Filter candles (Fig. 6) are hollow cylinders made of finely porous substances: kaolin with an admixture quartz sand(Chamberlant candles) and infusorial earth (Berkefeld candles). Chamberlant candles have various sizes pores through which microbes pass. Candles that allow large bacteria to pass through are designated by the letters L9, L1(bis), L3, medium ones - L5, L7, the smallest ones - L9, L11 , L13 Berkefeld candles are designated by porosity W, N, V(candles with brand U have the largest pores).

Seitz filters are asbestos plates of various sizes. When mounting the device for sterilization, the plate is placed on a mesh between metal disks (with a hole in the middle), which are pressed tightly together with screws. The mounted filter is inserted through a stopper into a flask with a side outlet (Bunsen flask) and a rubber tube, wrapped in paper and sterilized in an autoclave at 120 °C for 20-30 minutes.

To filter the material, a vacuum is created in a Bunsen flask by connecting to it a rubber tube with a Komovsky rarefaction oil hand pump or an electric vacuum pump.

Completing of the work. Microbes are cultivated at optimal temperature conditions. For this purpose, laboratories use air or water thermostats.

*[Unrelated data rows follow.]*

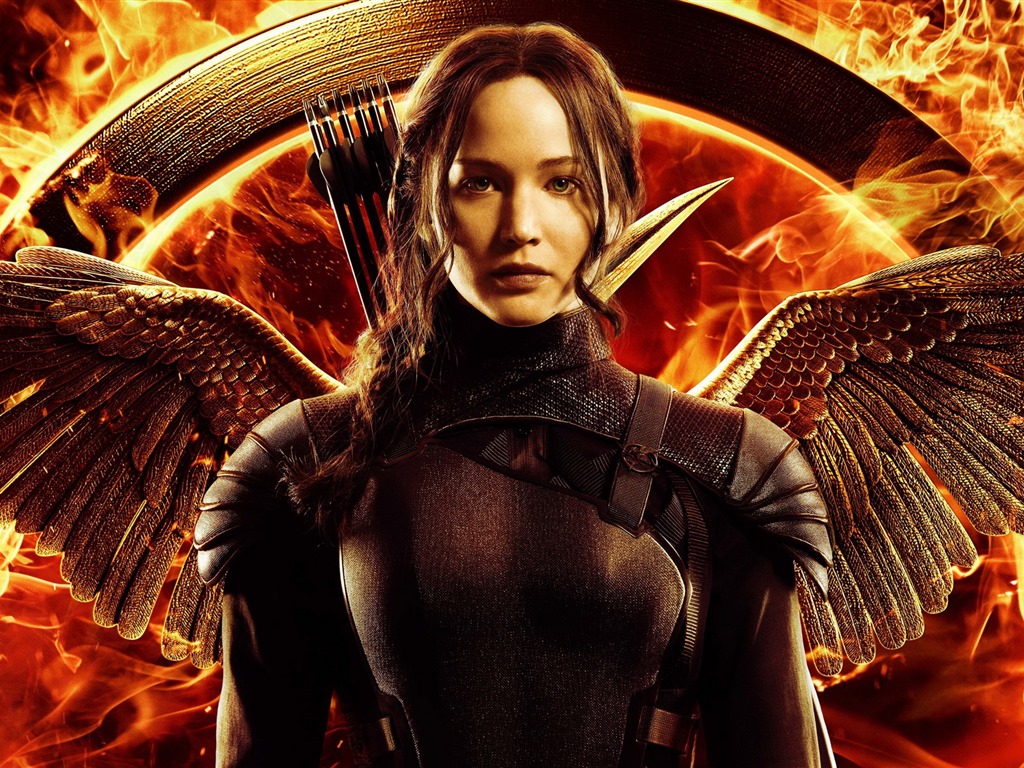 The Hunger Games: Fond d'écran HD Mockingjay #1 - 1024x768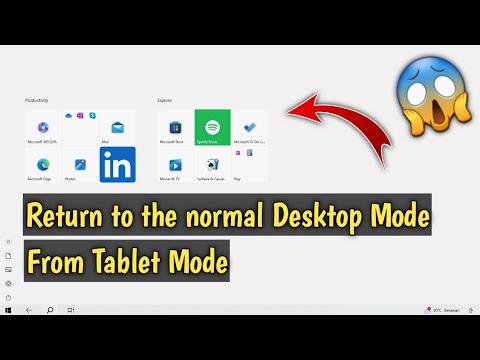 How To Return to the Normal Desktop Mode From Tablet Mode - YouTube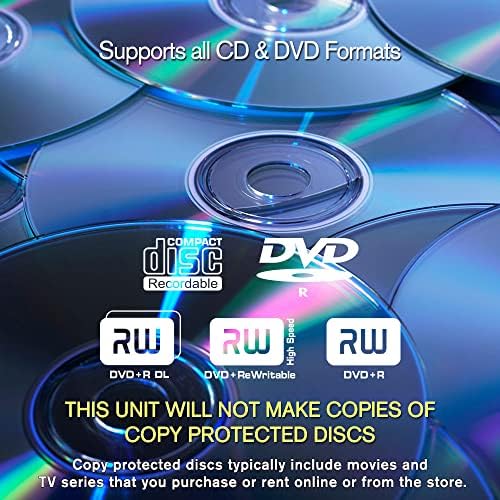PlexCopier 24x SATA 1 a 5 CD DVD M-Disc Suportado Escritor Duplicador Copier Tower com Proteção de cópia de vídeo em DVD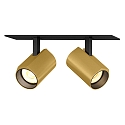 LED Recessed spot CENO 2.0, 2 flames, 2700K, CRi >90, rotatable/swivelling, dimmable, black gold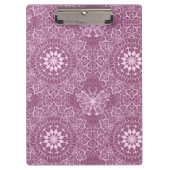 Vintages rosa Muster Klemmbrett (Vorderseite)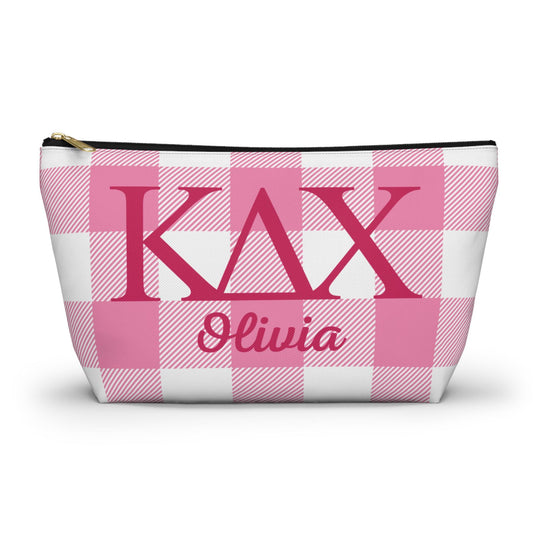 Personalized Kappa Delta Chi Sorority Makeup Bag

(Fig. 7) is a metal cabinet with double walls, between which there is a layer of water or air. The outer part of the thermostat is covered with a material that conducts heat poorly (asbestos, linoleum).

Rice. 4, 5, 6.

Inside the thermostat there are shelves for placing seed material of grown microorganisms. A constant temperature in the thermostat is maintained using a thermostat, which is built into the top cover of the thermostat. The thermostat device is based on the principle of linear expansion of substances. Thermoregulators are an alloy of any two metals with different coefficients of thermal expansion (brass, zinc) or a metal “cushion” filled with alcohol, a mixture of alcohol and ether, mercury or other substances that change their volume at a certain temperature. When the thermostat heats above the established norm, the metals expand, the contacts open and further heat flow is automatically delayed. After the temperature drops, the electric current is turned on and the flow of heat resumes.